ROANOKE TIMES

                         Roanoke Times
                 Copyright (c) 1995, Landmark Communications, Inc.

DATE: SATURDAY, October 15, 1994                   TAG: 9410180036
SECTION: EDITORIAL                    PAGE: A7   EDITION: METRO 
SOURCE: 
DATELINE:                                 LENGTH: Medium


ON A CONSTITUTIONAL POINT, NORTH IS RIGHT

BEFORE his handlers managed to gag him, Oliver North drew heavy fire this week for calling President Clinton a "yahoo" and a "bonehead" and for saying, as U.S. troops were rushing to Kuwait, that Clinton isn't his commander in chief.

For now anyway, Clinton's moves in the Persian Gulf look better than boneheaded. But on the commander-in-chief bit, North was entirely correct.

Here was the candidate's analysis this week of Saddam Hussein's prospects: "The Iraqis can move with impunity. There's nothing Clinton or our forces can do.
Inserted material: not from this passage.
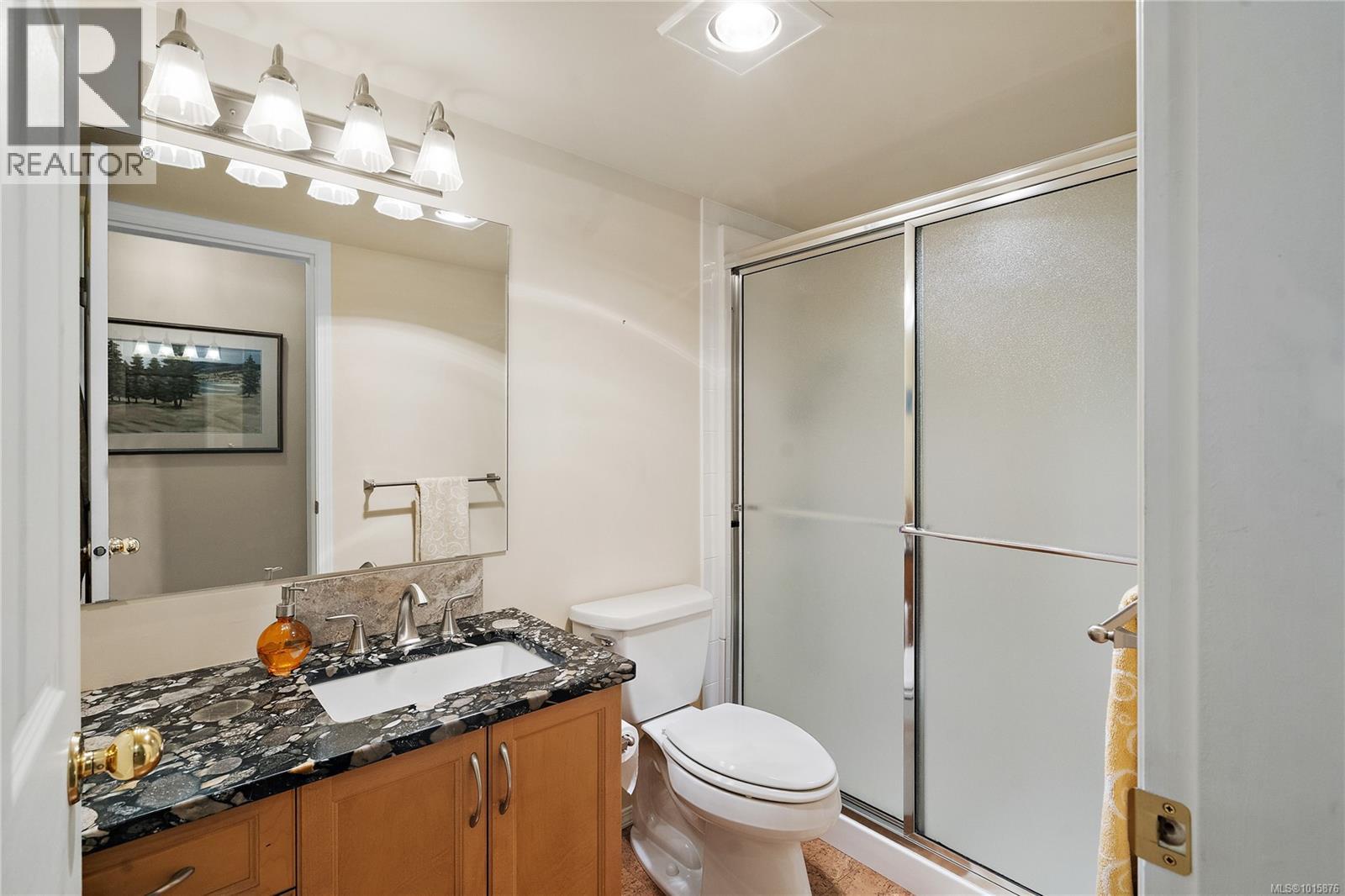 206 9919 Fourth Street, Sidney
We can't repeat Desert Storm. He [Clinton] doesn't have the force he needs if they come across the border. Clinton has created a hollow military, and the Iraqis know that."

Whether the Iraqis know any such thing is questionable; they did not in any event take North's advice. Also questionable was North's wisdom in saying what he did. Still, his critics, including Vice President Al Gore, were unfair to equate the Republican's lamentations about defense-budget cuts with "unpatriotic . . . demeaning of the U.S. military."

And give credit to North for understanding one thing everybody ought to know: that a president is commander in chief only of the military, not of all Americans. The Constitution (Article II, Section 2) is specific on the point, and the point isn't trivial. Occasionally, superpatriots have used their ignorance of it to stifle legitimate dissent.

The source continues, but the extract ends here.